International Symposium // Plenary session 4 // A vision for the future- roundtable
Greg Black, Director of Education.au was the moderator of this session, which included presentations from:
• Nancy Knowlton, SMART
• Kirsten Panton, Microsoft
• Frans Van Assche, EUN
At school level, ICT solutions are increasing but schools are not enough future-oriented and have to be encouraged. The discussions presented different visions of the way education could be in the future.
Nancy Knowlton from Smart said that a larger vision must be created and that it should flow down to every level of the educational system. Children are ready to learn and use new technologies in classrooms and, by 2020, technological material will finally take its rightful place in the classrooms.
Also, the role of teachers and learners has to evolve in the next years because the mode of teaching has currently started to break down in lot of schools all around the world. In the future, the students will cooperate more and more with their peers worldwide, they will take more responsibilities and teachers will move to the side and become more guides than mentors.
All the educational actors (teachers, students, parents, community, suppliers) should be involved and work together to define new ways of learning.
Nancy also underlined that more attention should be paid towards the developing countries, especially by funding their empowerment in ICTs. Every aspect (contents, teacher trainings, good practices) of education should be shared with developing countries at every level.
As getting to the global level is hard to achieve, she called for a deep commitment from teachers and administrators. Having the students involved is more difficult but it could help to spread a "positive virus" around the world.
Kirsten Panton, from Microsoft, showed a video which presented how the world could look like in the future, where technology will have an impact on all aspects of life and work.
To reach such a world, the assessment and curriculum, learning management, human capacity building have to evolve. Teachers have to be provided with good learning management tools and to make sure they have the good skills.
Frans Van Assche, Senior Manager at EUN, sais that there were similarities between ICT in schools and ICT in industry. A 2002 study showed that those who embraced change management were benefitting more from ICT, Frans believe similar results would be observed in education.
Another perspectives are interactions with others in educational context (relations with coach/mentor, subject/expert, the world etc), ICT is changing all that as we have seen in the 'Hole in the All' experiment where coach or mentors settle the scene but leave learners make their own learning paths.
Personalisation of learning is also an issue, but what type of personalisation: differentiation (like in Denmark) or individualisation. How much can learners self regulate themselves? What can be personalised: what should be learned and how it should be learned (learning materials, pedagogy...) ?
We are now going from technophobia to technologies acceptance, and it looks like a Copernican revolution : the teacher is no more at the center but aside, while the learner takes a more central position.
In 2020, will teachers be minute managers?
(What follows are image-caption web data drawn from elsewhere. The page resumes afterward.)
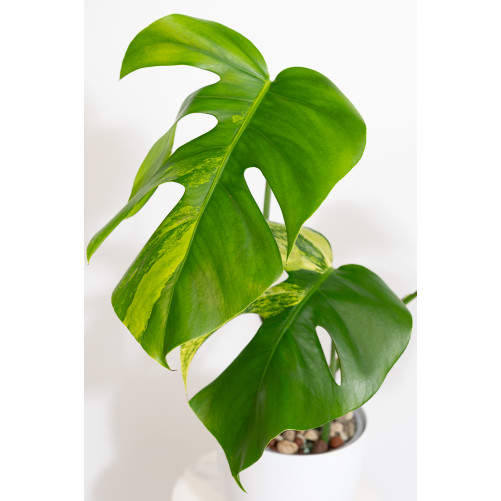 Monstera marmorata aurea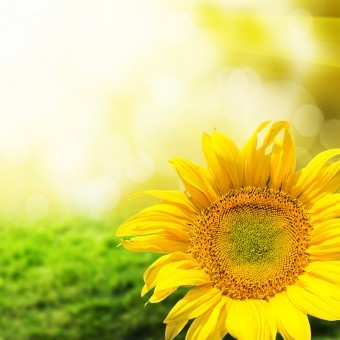 Abstract background with sunflowers over field and sunlight
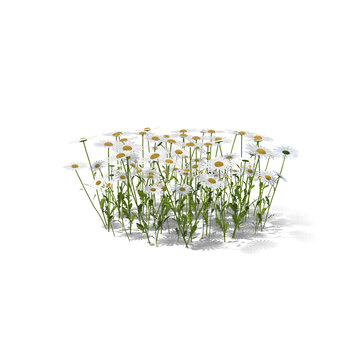 Field of White Daisies Isolated on Transparent Background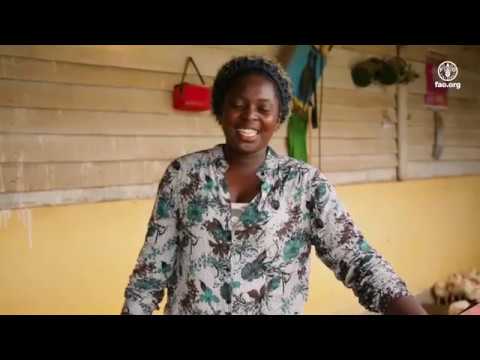 Elevage & production de poulets de chair à Oyem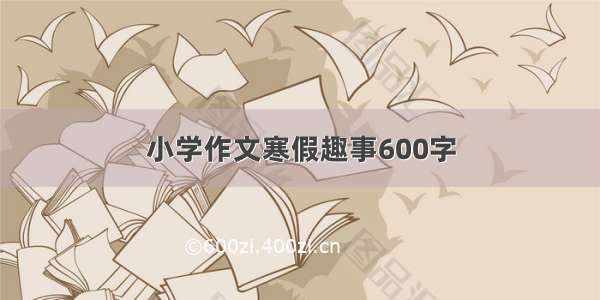 小学作文寒假趣事600字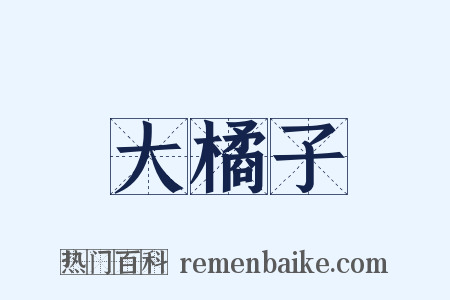 大橘子是什么意思的图片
This is a provocative line, in light of the announced transformation of role of educators from teachers to coach. Other trends for 2020 are the growing importance of peer learning and micro-learning, towards synchronisation and convergence of technology.
Sugata Mitra said that in the future, with the current trend of climate change, lack of fossil energies and terrorism, it could be much more difficult for the students to travel or even go outside, but on the other hand the communications will be totally free, schools would physically disappear by moving to home.